Blog
À Oléron, les élus verts de rage face aux tondeuses à gazon !

Plus de 11 000 tonnes de légumes devraient cette année être déposées dans les différentes déchetteries de l’île d’Oléron (Charente-Maritime). Une paille qui représente tout de même 60 % des apports majoritairement constitués de tontes, de feuilles et de petits branchages, très loin devant les gravats, la ferraille et les encombrants. C’est même plus que les ordures ménagères (10 500 tonnes au total) !
1 million d’euros par an
S’ils ont la main verte et le souci du détail, les jardiniers oléronais ont aussi… la main lourde. La Communauté de Communes (CdC) a sorti sa calculette : le maniement des tondeuses, des râteaux et autres taille-haies lui coûterait par ricochet 1 million d’euros par an. « C’est énorme, et très coûteux », résume Marie-Josée Villautreix, la vice-présidente chargée des déchets et maire de Saint-Trojan-les-Bains.
Stocker et transporter ces végétaux appelés à devenir du compost nécessitant près de 1 400 rotations de camions-bennes et la consommation annuelle de 30 000 litres de carburant, précisant les services de l’intercommunalité en citant pour l’exemple la seule journée (ordinaire) du 23 septembre : 88 tonnes de les déchets verts ont atterri ce jour-là dans les déchetteries.
« Moi aussi j’ai un jardin, je le tonds, je laisse l’herbe dessus (…). Je n’y vois pas d’effets secondaires, sauf à être attaché au gazon anglais et à vouloir l’entretenir à la pince à épiler », a récemment déclaré Michel Parent, le président de la Communauté de communes, « agacé » et cité par l’hebdomadaire « Le Littoral ».
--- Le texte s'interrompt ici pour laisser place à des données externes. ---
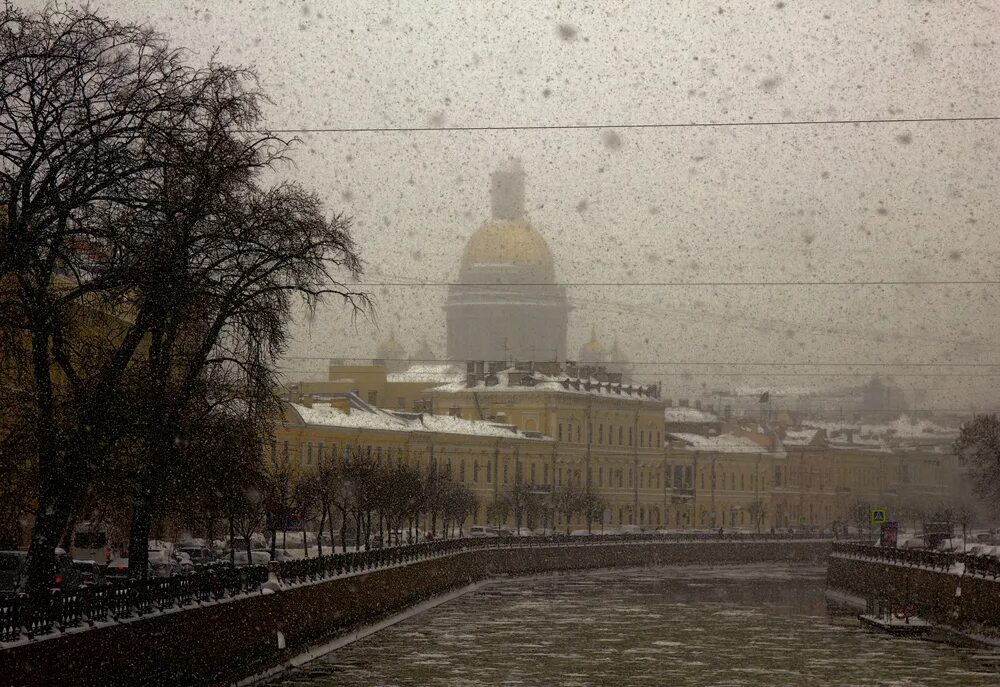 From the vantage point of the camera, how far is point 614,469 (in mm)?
122625

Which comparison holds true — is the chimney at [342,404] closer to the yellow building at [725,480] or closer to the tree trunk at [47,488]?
the yellow building at [725,480]

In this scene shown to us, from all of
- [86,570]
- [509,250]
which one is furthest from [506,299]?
[86,570]

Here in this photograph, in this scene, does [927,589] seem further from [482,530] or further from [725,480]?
[725,480]

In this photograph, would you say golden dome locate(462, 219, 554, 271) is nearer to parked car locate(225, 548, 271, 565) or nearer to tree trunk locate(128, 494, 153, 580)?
parked car locate(225, 548, 271, 565)

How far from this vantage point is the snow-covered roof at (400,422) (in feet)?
309

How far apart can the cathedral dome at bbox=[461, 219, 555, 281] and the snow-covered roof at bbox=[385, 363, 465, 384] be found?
24.6 metres

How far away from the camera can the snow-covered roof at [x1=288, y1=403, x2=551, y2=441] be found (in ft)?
309

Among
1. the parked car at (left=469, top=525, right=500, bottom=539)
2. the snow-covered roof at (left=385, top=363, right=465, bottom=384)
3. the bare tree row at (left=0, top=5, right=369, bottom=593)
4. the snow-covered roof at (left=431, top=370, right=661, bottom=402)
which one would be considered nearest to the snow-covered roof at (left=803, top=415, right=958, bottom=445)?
the snow-covered roof at (left=385, top=363, right=465, bottom=384)

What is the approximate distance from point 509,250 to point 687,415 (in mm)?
31966

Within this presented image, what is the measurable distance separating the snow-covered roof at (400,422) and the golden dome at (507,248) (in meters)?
60.2

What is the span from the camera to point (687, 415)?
147875mm

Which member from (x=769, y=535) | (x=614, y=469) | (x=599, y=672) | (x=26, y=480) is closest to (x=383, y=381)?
(x=614, y=469)

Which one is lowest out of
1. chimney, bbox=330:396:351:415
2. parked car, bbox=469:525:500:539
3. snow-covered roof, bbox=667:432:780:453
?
Result: parked car, bbox=469:525:500:539

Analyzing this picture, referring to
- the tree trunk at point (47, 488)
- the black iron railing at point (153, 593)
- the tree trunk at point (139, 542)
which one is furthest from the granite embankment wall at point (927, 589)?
the tree trunk at point (47, 488) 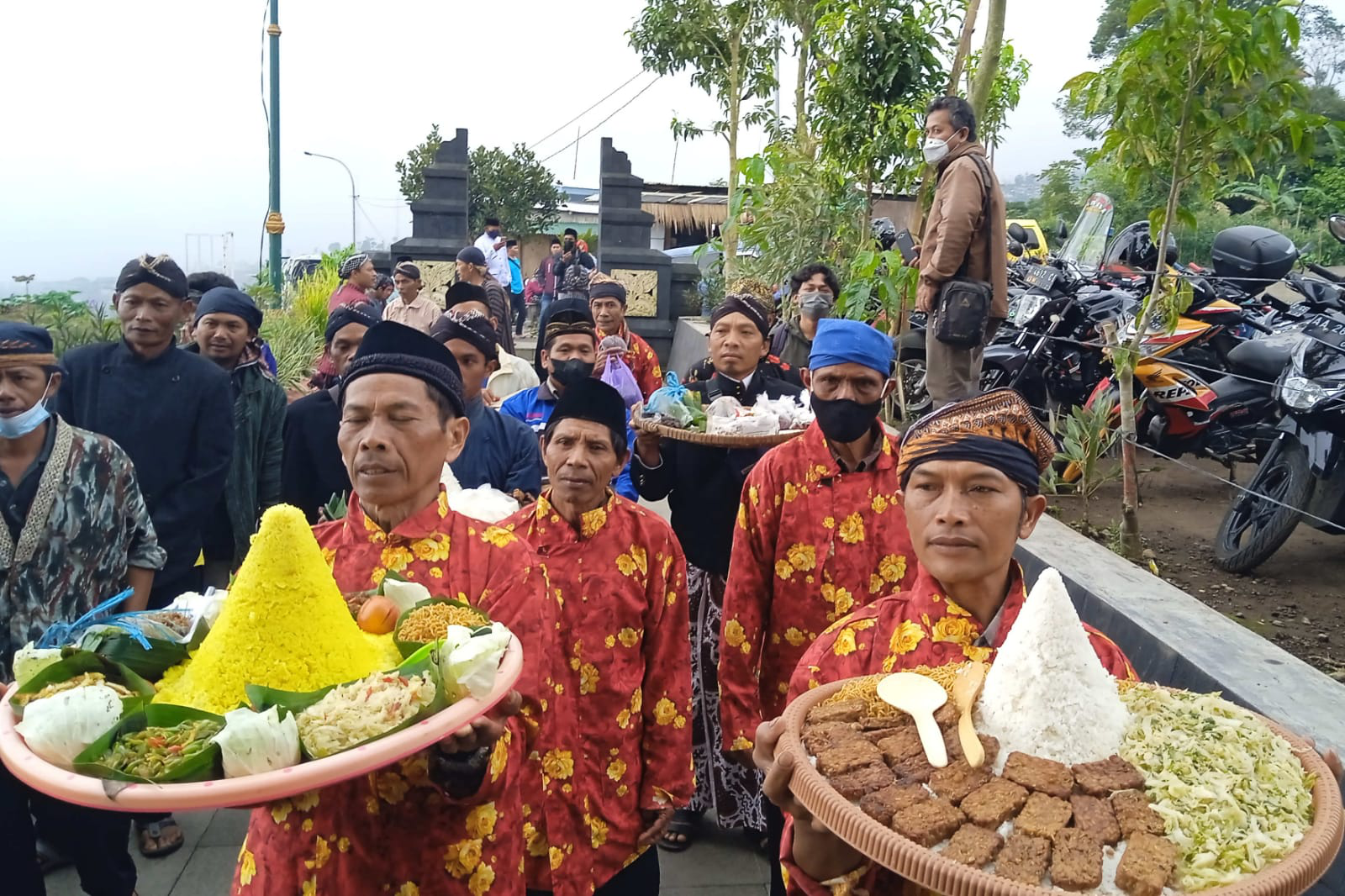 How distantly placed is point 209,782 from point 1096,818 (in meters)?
1.26

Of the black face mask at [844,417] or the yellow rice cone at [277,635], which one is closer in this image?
the yellow rice cone at [277,635]

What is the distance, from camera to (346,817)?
80.0 inches

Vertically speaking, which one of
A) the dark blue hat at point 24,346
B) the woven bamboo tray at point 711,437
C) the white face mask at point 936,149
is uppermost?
the white face mask at point 936,149

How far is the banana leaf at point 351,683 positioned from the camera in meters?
1.51

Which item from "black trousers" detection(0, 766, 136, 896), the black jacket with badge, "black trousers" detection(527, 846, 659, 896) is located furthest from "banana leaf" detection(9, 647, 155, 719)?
the black jacket with badge

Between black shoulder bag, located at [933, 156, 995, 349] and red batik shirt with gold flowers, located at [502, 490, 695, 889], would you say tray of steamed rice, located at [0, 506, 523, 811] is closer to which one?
red batik shirt with gold flowers, located at [502, 490, 695, 889]

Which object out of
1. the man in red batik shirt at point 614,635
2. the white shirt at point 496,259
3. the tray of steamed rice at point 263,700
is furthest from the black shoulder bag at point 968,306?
the white shirt at point 496,259

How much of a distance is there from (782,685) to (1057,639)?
78.1 inches

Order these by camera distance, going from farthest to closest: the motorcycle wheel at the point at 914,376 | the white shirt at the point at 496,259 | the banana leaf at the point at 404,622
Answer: the white shirt at the point at 496,259
the motorcycle wheel at the point at 914,376
the banana leaf at the point at 404,622

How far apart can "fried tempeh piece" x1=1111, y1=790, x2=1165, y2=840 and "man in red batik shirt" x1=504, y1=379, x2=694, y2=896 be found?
1.91 meters

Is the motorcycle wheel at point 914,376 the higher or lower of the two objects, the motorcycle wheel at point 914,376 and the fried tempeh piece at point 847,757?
the higher

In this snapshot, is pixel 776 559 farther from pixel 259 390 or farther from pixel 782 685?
pixel 259 390

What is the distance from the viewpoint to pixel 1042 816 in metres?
1.36

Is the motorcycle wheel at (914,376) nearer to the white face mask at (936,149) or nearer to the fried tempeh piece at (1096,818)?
the white face mask at (936,149) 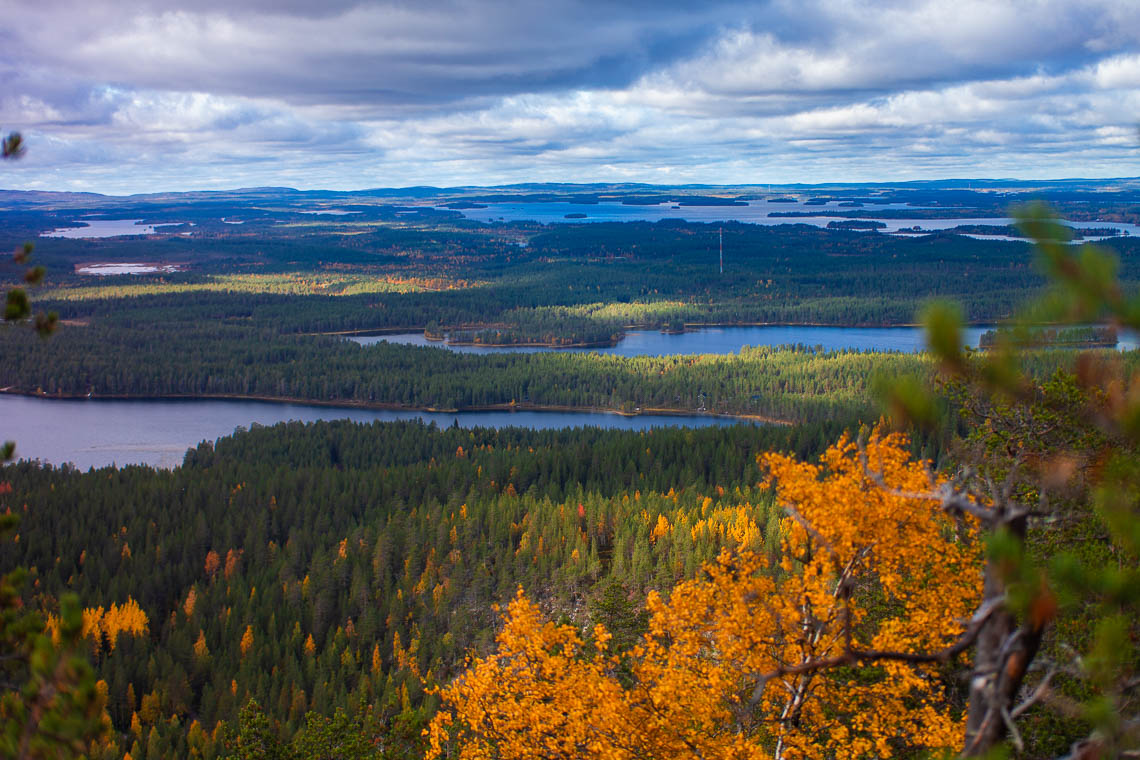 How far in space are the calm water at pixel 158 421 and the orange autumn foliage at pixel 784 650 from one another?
12362 centimetres

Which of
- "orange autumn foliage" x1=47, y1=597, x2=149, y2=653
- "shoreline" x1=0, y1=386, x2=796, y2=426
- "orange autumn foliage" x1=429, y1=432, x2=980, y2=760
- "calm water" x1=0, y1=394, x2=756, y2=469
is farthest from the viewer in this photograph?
"shoreline" x1=0, y1=386, x2=796, y2=426

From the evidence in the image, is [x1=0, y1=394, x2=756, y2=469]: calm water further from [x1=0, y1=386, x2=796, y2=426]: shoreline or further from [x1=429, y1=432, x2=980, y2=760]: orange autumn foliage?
[x1=429, y1=432, x2=980, y2=760]: orange autumn foliage

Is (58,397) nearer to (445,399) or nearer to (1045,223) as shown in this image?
(445,399)

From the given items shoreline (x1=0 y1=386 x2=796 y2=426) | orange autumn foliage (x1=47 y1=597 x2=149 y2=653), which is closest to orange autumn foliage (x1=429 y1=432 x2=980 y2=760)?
orange autumn foliage (x1=47 y1=597 x2=149 y2=653)

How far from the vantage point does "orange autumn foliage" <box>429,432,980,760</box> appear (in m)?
16.3

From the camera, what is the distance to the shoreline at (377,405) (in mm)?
166875

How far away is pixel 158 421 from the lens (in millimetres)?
167000

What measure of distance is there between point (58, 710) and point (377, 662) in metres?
55.2

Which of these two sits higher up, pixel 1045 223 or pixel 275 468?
pixel 1045 223

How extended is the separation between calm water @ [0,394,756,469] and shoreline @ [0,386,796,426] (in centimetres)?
170

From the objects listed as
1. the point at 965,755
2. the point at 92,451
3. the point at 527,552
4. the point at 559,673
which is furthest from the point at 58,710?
the point at 92,451

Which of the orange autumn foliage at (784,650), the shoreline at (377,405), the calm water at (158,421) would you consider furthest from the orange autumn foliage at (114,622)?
the shoreline at (377,405)

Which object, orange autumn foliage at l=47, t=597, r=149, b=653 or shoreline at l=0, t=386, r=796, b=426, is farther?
shoreline at l=0, t=386, r=796, b=426

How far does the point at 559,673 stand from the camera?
20.3 m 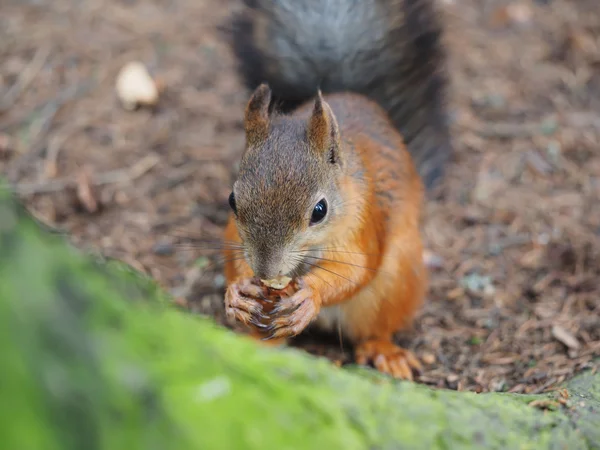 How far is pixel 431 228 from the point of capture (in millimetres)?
3217

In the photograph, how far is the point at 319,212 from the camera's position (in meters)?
2.05

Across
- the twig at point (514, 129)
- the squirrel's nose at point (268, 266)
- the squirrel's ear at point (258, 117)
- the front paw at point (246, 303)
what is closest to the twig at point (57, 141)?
the squirrel's ear at point (258, 117)

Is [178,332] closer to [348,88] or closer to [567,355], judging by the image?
[567,355]

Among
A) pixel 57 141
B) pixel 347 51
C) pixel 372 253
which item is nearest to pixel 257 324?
pixel 372 253

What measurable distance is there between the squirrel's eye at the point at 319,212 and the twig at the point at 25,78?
230 cm

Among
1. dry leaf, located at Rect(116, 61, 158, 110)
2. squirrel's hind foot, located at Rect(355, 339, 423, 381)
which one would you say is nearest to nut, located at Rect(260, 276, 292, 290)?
squirrel's hind foot, located at Rect(355, 339, 423, 381)

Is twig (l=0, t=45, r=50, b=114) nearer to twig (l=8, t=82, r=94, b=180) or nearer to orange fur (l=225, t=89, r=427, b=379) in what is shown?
twig (l=8, t=82, r=94, b=180)

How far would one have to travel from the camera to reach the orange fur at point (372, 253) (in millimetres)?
2227

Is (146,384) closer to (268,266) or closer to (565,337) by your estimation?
(268,266)

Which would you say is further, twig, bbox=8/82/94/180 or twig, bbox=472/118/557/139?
twig, bbox=472/118/557/139

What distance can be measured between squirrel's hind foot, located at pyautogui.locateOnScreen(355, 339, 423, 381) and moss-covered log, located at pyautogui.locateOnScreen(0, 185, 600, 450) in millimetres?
1037

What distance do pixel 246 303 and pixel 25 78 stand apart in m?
2.46

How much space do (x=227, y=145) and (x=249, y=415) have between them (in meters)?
2.67

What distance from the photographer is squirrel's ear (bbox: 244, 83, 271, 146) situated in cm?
213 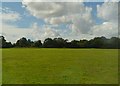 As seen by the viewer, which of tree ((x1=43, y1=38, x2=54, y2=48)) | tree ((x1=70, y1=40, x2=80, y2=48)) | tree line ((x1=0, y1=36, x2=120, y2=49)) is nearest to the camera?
tree line ((x1=0, y1=36, x2=120, y2=49))

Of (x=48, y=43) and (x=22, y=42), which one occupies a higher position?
(x=22, y=42)

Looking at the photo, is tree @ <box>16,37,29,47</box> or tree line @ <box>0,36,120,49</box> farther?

Fini les déchets verts à la déchetterie
Les élus oléronais qui n’aiment décidément pas être tondus ont décidé d’agir. D’ici 2026 à 2027, les apports de tontes et de feuilles mortes seront purement et simplement interdits dans les déchetteries insulaires. « Cela se pratique déjà ailleurs et ça porte ses fruits », assure Marie-Josée Villautreix. Dès le 1er janvier prochain, le nombre de passages autorisés sera également limité à 30 par an. « Nous aurions aimé passer à 20 ans mais les gens doivent d’abord s’habituer », commente l’élue.
L’île d’Oléron ne rasera pas gratis pour autant et entend d’ici là faire œuvre de « pédagogie » pour « accompagner le changement de pratique ». Depuis le 1er octobre, plusieurs aides sont ainsi proposées aux administrés. « Sur demande et sous conditions », l’achat de matériels comme un robot-tondeuse ou un broyeur « qui ne ramassent pas les végétaux » sera ainsi accompagné d’un coup de pouce pouvant atteindre « 50 % du prix total » dans la limite de 50 % par foyer.
Idem, à hauteur de 40 euros par foyer, pour l’achat d’un « kit mulching, lame et/ou obturateur », un outil qui « permet de ne plus ramasser la tonte car elle est hachée et laissée au sol afin qu’elle puisse nourrir celui-ci ». Dès le 1er janvier 2026, les Oléronais bénéficieront enfin d’une aide pour planter des haies à condition de choisir « des légumes à croissance lente », explique Marie-Josée Villautreix. Selon cette élue saint-trojannaise, l’enveloppe dédiée aux jardiniers olernais sera « ponctuelle » mais permettra « d’amorcer de nouveaux comportements » et d’éviter « une levée de boucliers ».